▶ Exercise goal
The material below holds pictures; leave them out and reproduce exactly the lines from the one with "Romaine | Elegant Lantern Sleeve Dress" through the one with "Damen Sommer Lässige", inclusive.

▶ Material for this exercise

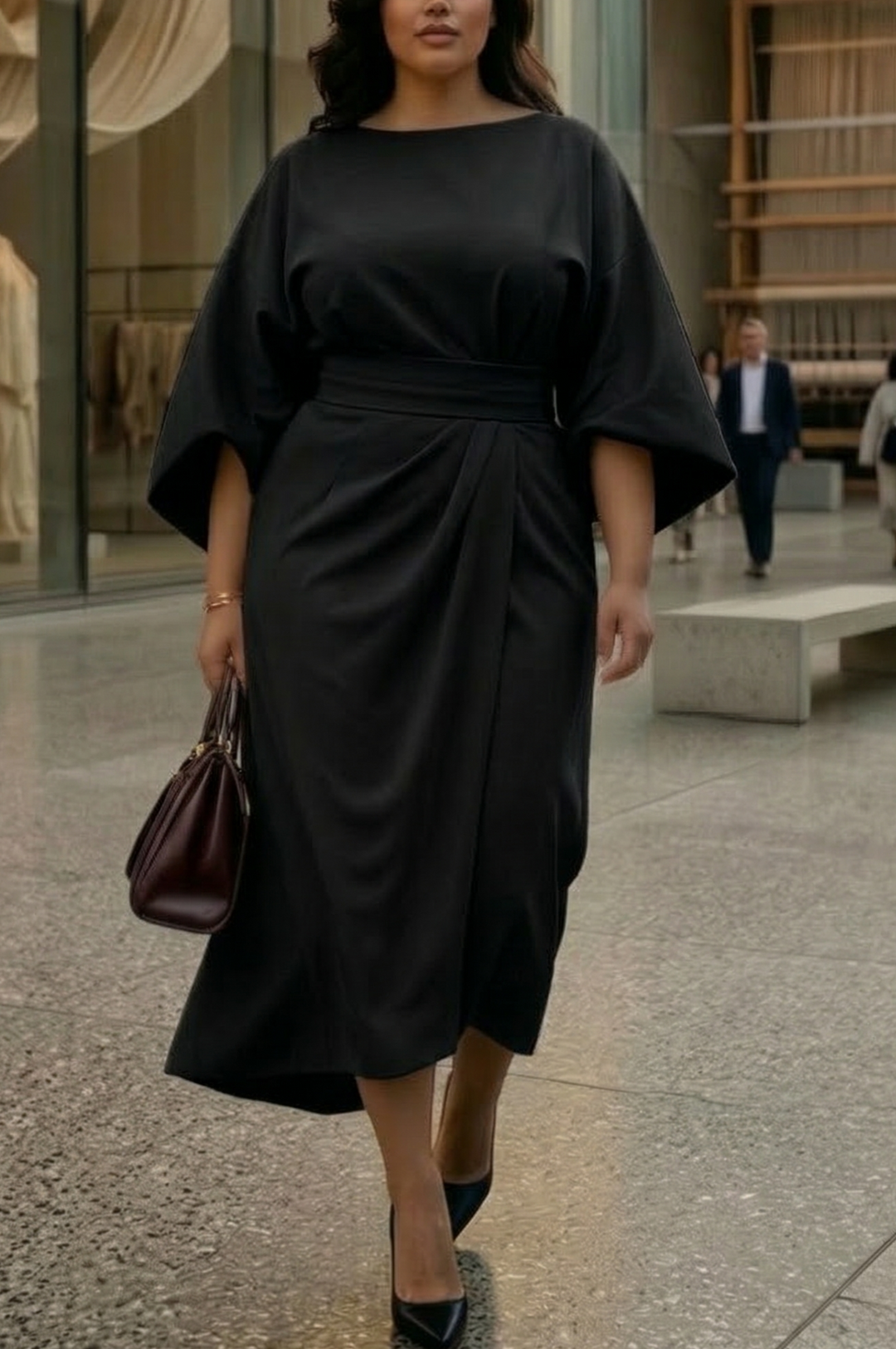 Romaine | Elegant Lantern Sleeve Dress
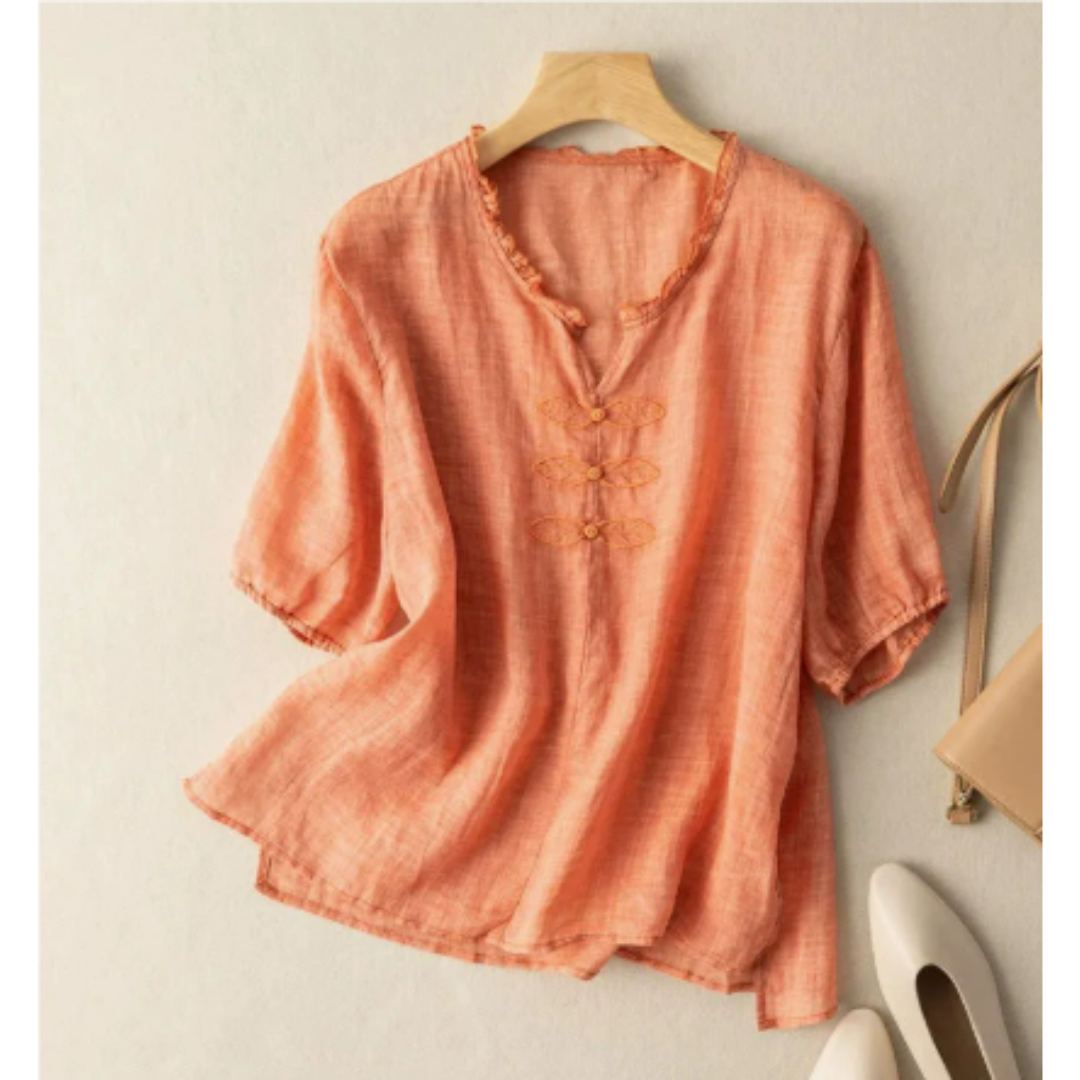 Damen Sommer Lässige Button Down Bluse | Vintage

--

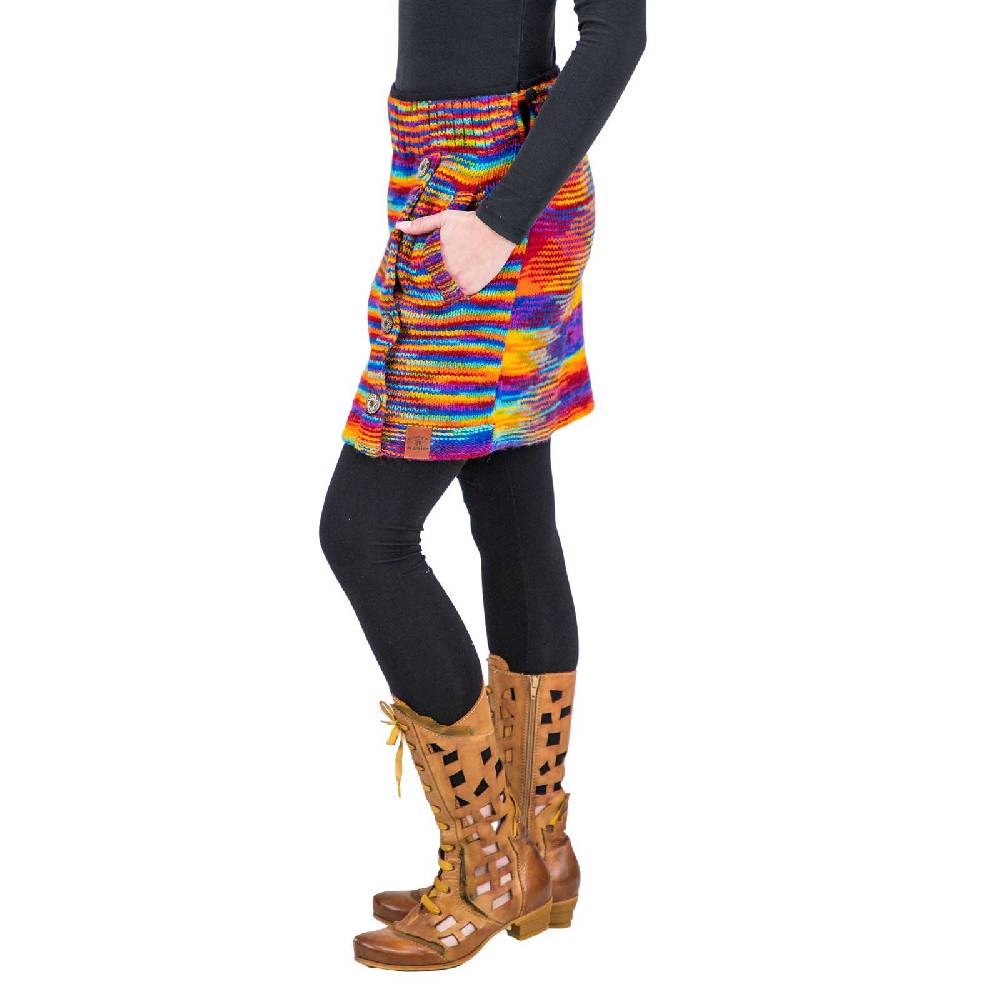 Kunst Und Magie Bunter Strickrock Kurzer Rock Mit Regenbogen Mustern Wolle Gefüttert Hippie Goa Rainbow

---

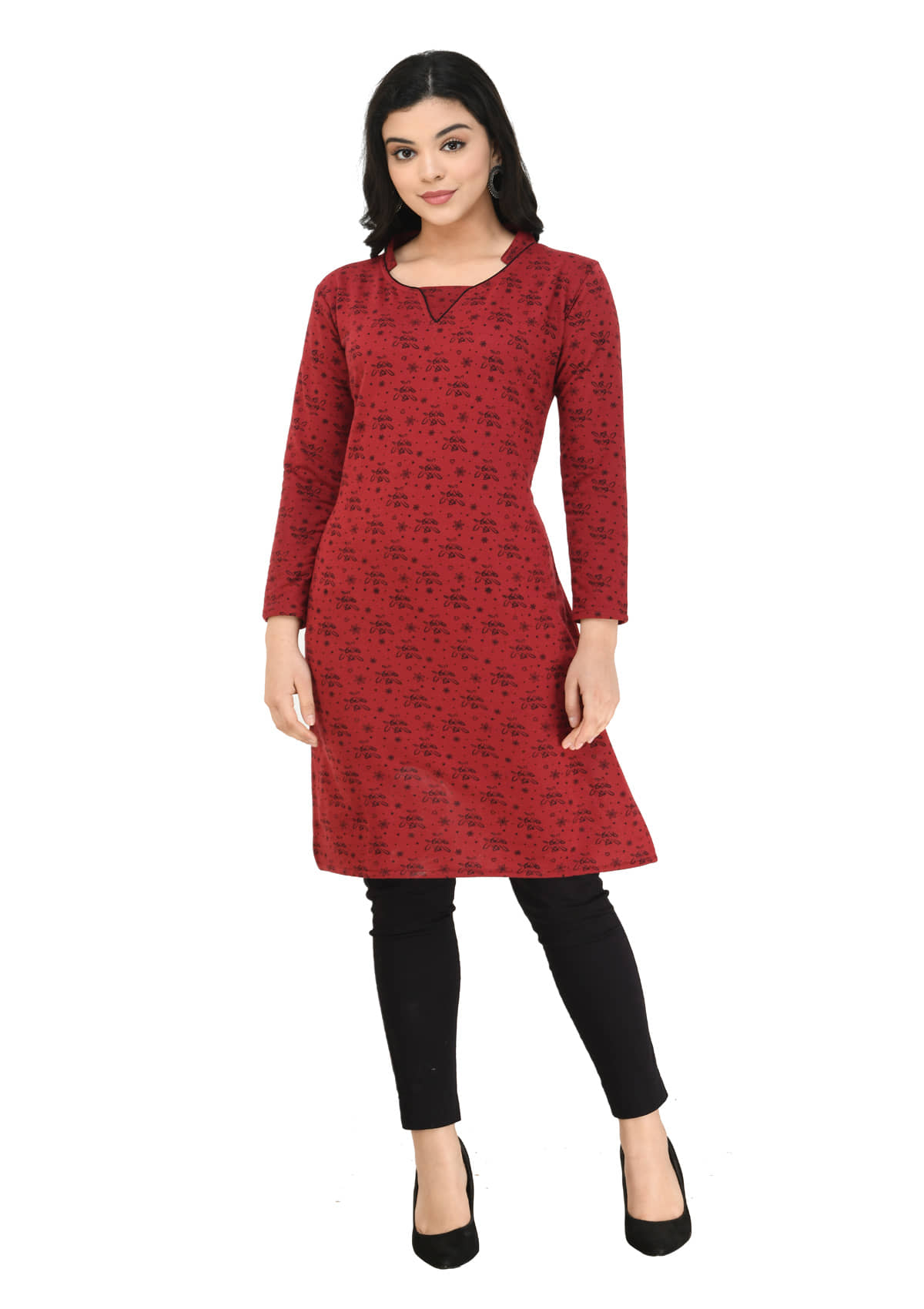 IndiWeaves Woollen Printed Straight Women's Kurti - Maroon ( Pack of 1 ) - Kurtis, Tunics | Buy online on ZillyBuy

▶ Exercise response
 Romaine | Elegant Lantern Sleeve Dress
 Damen Sommer Lässige Button Down Bluse | Vintage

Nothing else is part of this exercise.